_Requirement_. With pictures omitted, copy exactly every line from the one that contains "Sheikh Gulzar Fabrics" to the end of the listing below.

_Data_.
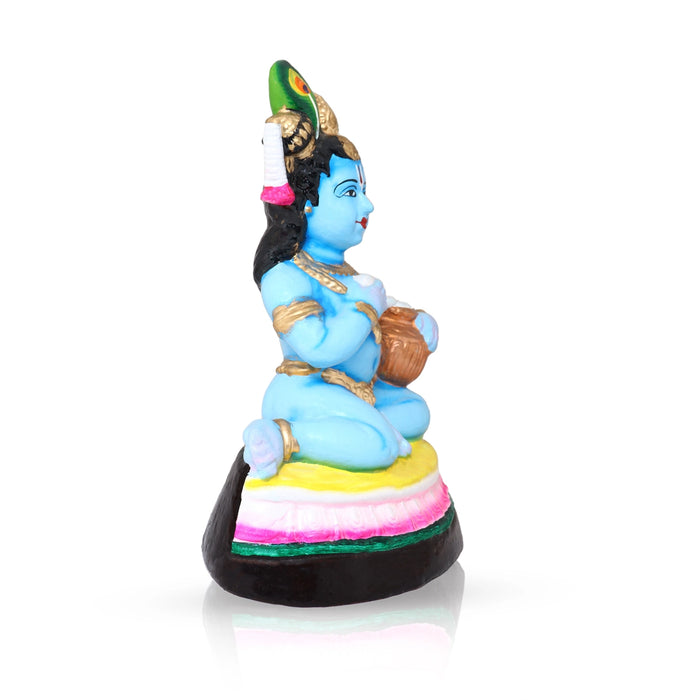 Butter Krishna Clay Golu Bommai - 12 x 8.25 Inches | Giri Golu Doll/ Navaratri Golu Bomma/Gombe/Bommai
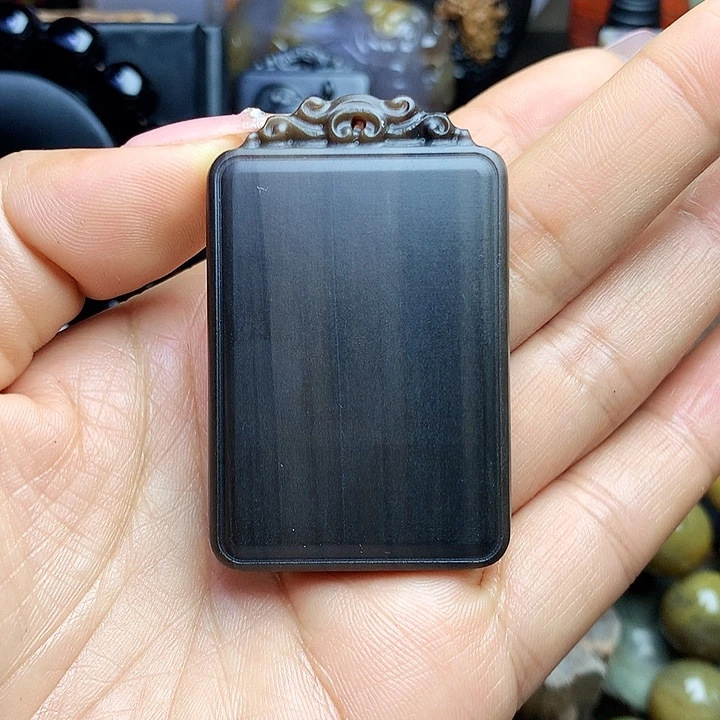 硅化玉未镶嵌吊坠(不含链)无事牌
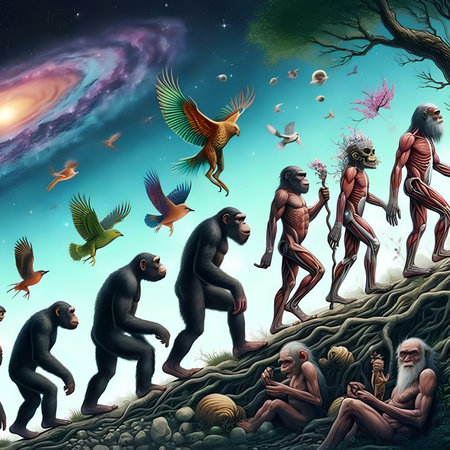 Zoo life with monkeys and birds - 3D illustration of a zodiac signの素材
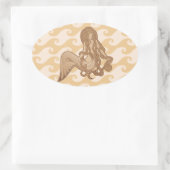Sitting Mermaid Ovale Sticker (Tas)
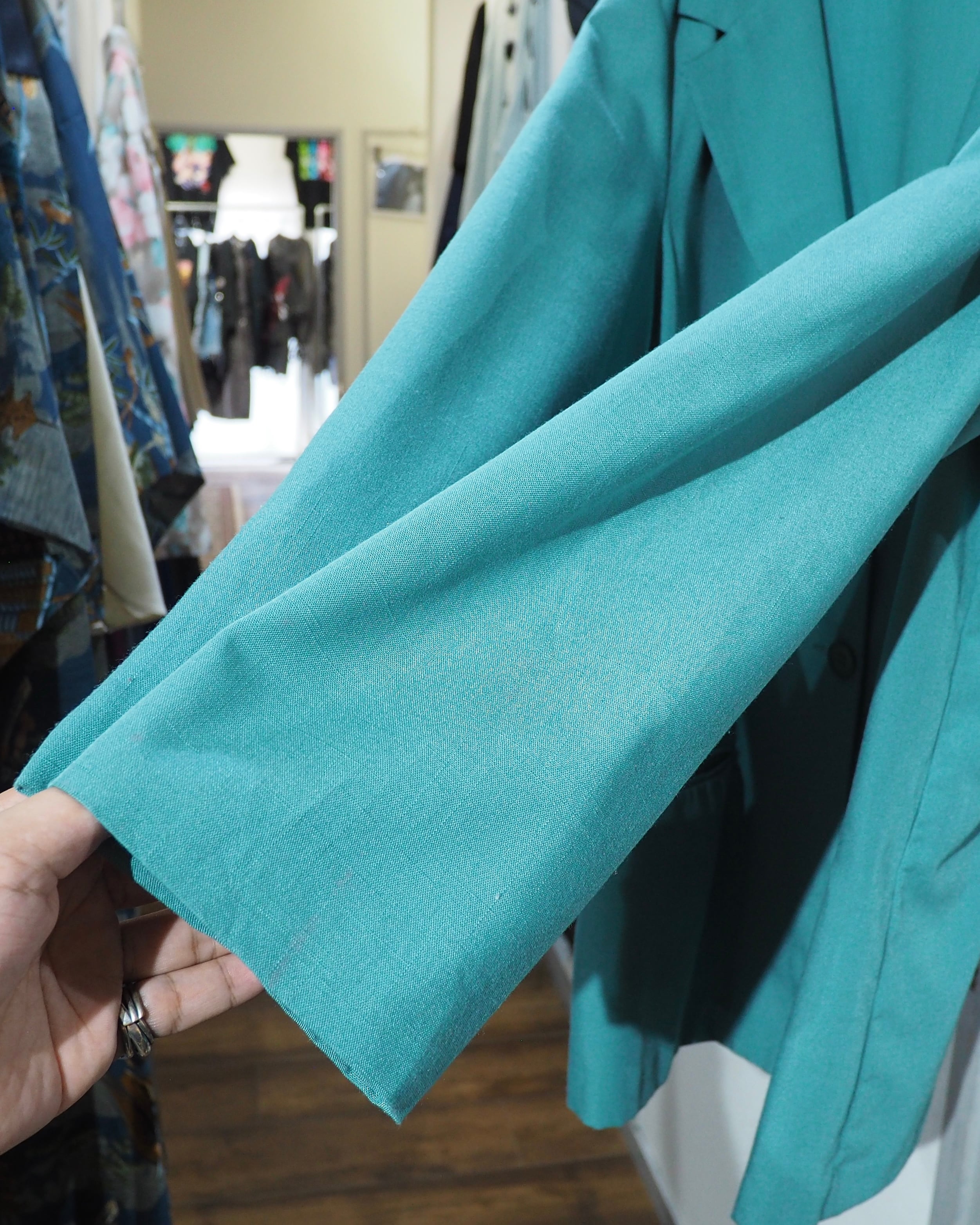 1990s " SAGHARBOR " Beautiful Turquoise Green Color vintage loose Easy jacket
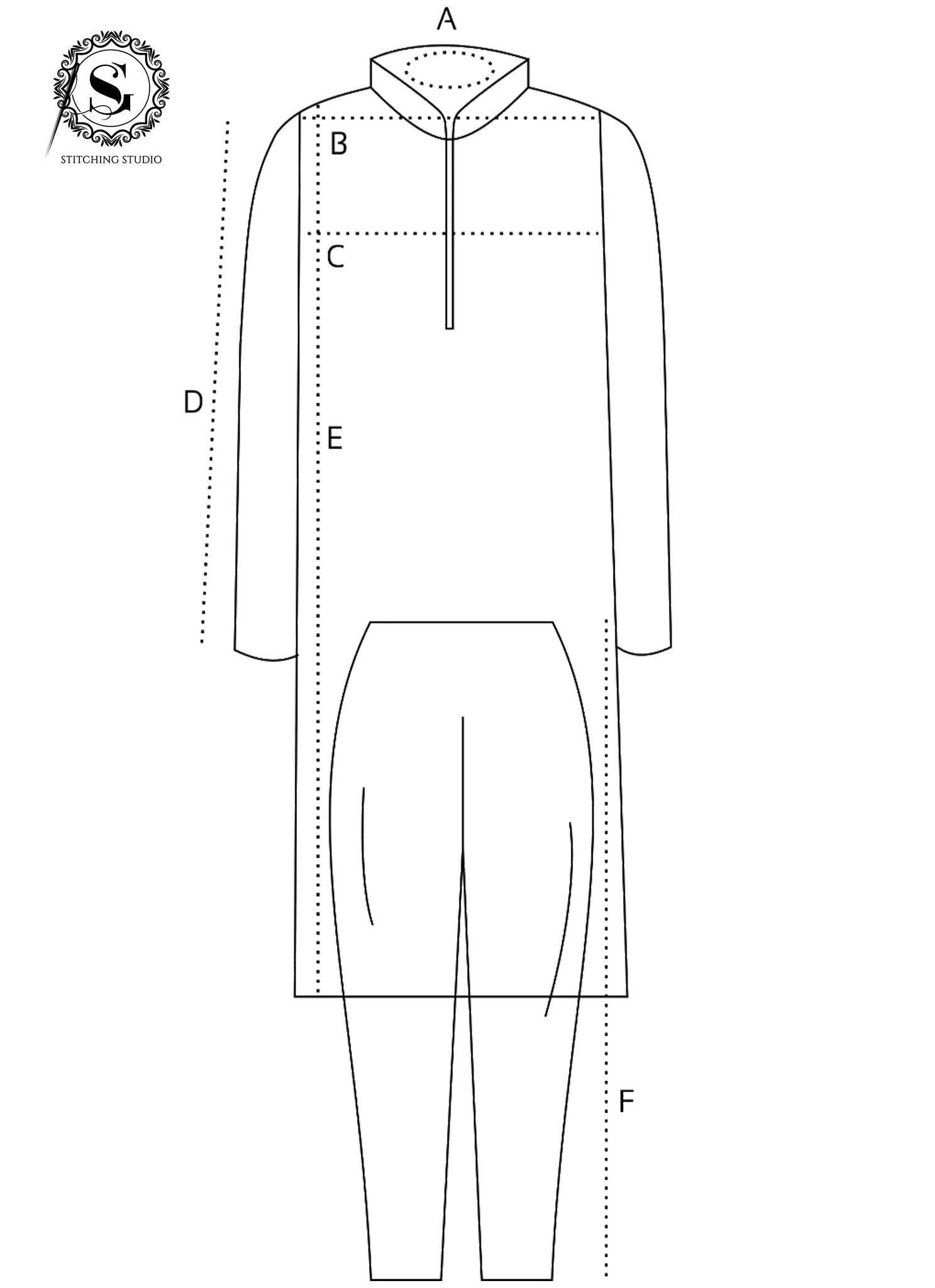 Sheikh Gulzar Fabrics custom stitching service — premium men’s shalwar kameez tailoring illustration, expert stitching add-on for unstitched fabrics Pakistan.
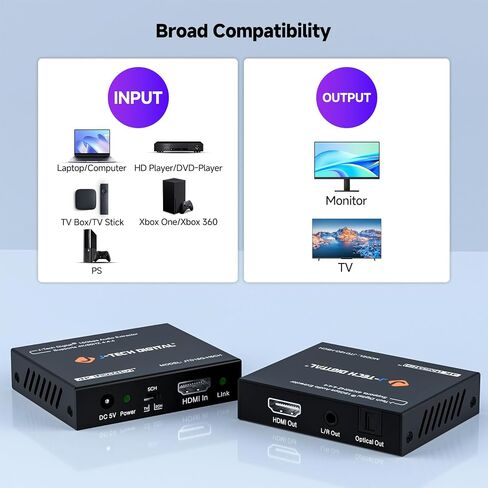 J-Tech Digital HDMI 2.0 Audio Extractor Converter with Downmix Compatible with Dolby Digital Decoding 18Gbps 4K 60Hz + 1080P@120Hz + 1080P@144Hz + SPDIF + RCA HDCP 2.2 HDR10 [JTECH-EXD2] in Saudi Arabia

_Solution_.
 Sheikh Gulzar Fabrics custom stitching service — premium men’s shalwar kameez tailoring illustration, expert stitching add-on for unstitched fabrics Pakistan.
 J-Tech Digital HDMI 2.0 Audio Extractor Converter with Downmix Compatible with Dolby Digital Decoding 18Gbps 4K 60Hz + 1080P@120Hz + 1080P@144Hz + SPDIF + RCA HDCP 2.2 HDR10 [JTECH-EXD2] in Saudi Arabia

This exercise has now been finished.